Это заявление было вызвано не столько стремлением оправдать ту роль, которую Великобритания сыграла в палестинской трагедии, сколько желанием сделать дружественный жест по отношению к арабскому миру. В это время уже стало очевидно, что при официальном нейтралитете Лондон, безусловно, склоняется на сторону палестинских арабов.
Несмотря на официальный стиль документа, слова о том, “что было сделано за последние тридцать лет”, имели под собой реальный смысл. Позже, когда страсти поостыли и раны затянулись, евреи не раз имели случай вспомнить, чем они обязаны Великобритании. Что ни говори, а возможность укрепиться в Палестине им дала Декларация Бальфура. На протяжении тридцати лет, за исключением последнего полугодия мандата, Палестина являлась членом Британского Содружества и в этом качестве могла рассчитывать на помощь английских армии и флота, которые защищали евреев не только от Роммеля, но и от муфтия. Кроме того, членство в Британском Содружестве давало колоссальное преимущество — возможность участия в торгово-финансовом стерлинговом блоке. Ишув имел в Англии практически неограниченный рынок сбыта цитрусовых, а в самой Палестине торговлю оживляло присутствие английского военного и гражданского персонала. Административная деятельность англичан в Палестине была на таком же высоком уровне, как и в Египте и Ираке, а юридическая система не уступала законодательству всех остальных государств Содружества. Столь значительные достижения заслуживали более достойного финала, чем тот, к которому привел страну Бевин.
За немногими исключениями, арабы рассчитывали на восстановление контроля в своей части Палестины, а возможно, и на большее — в том случае, если правительства соседних государств выполнят свое обещание и захватят всю страну.
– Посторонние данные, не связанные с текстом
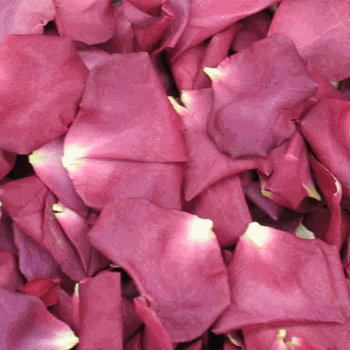 SuperNova Violet Pink Dried Rose Petals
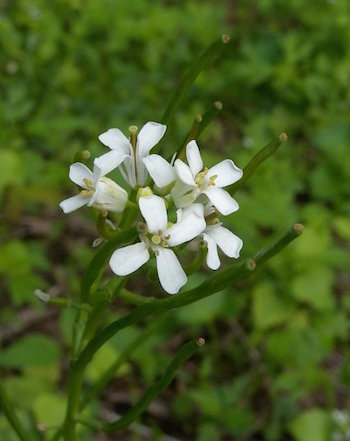 garlic_mustard_petals_small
С другой стороны, судьба, ожидавшая евреев в случае вторжения пяти арабских армий в их только что созданную республику, стала бы тем последним ударом, которого сионисты ожидали на протяжении последних пяти-десяти лет. После Катастрофы европейского еврейства и трагедии перемещенных лиц ни один из руководителей Еврейского агентства — ни Вейцман, ни Бен-Гурион — не рассматривал самостоятельную государственность как категорически необходимую цель сионистов. Если они и думали о суверенитете, то в рамках Британского Содружества или под опекой ООН. Но судьба повернулась так, как нередко случалось в еврейской истории. Путь к цели всегда лежал через небывалую трагедию. Еврейский национализм возродился во второй половине XIX в., в тот момент, когда европейский антисемитизм принял новые и особенно опасные формы. Еврейский национальный очаг был создан в период, когда с большим запозданием начал набирать силы арабский национализм, до этого бывший самым слабым движением среди аналогичных в Оттоманской империи. После этого началась иммиграция — волна за волной, и благодаря сионистскому эксперименту возникла жизнеспособная община, которая состояла большей частью из отверженных, нищих изгнанников, бежавших в период между двумя войнами из Европы, отравленной ядом юдофобии. Когда же европейские евреи наконец осознали, что Палестина — последнее их убежище, двери в нее закрылись, и над еврейством нависла смертельная угроза. Даже резолюция ООН о разделе Палестины в лучшем случае казалась результатом не характерных для западного мира угрызений совести — ведь ее гуманизм не заходил настолько далеко, чтобы обеспечить безопасность обоим народам Палестины. И если арабские государства еще могли позаботиться об арабах Святой земли, то евреям угрожала вполне реальная опасность нового геноцида. Казалось бы, зная свою историю, евреи и не могли ожидать ничего лучшего. Но, как выяснилось, ишув не собирался мириться с таким развитием событий.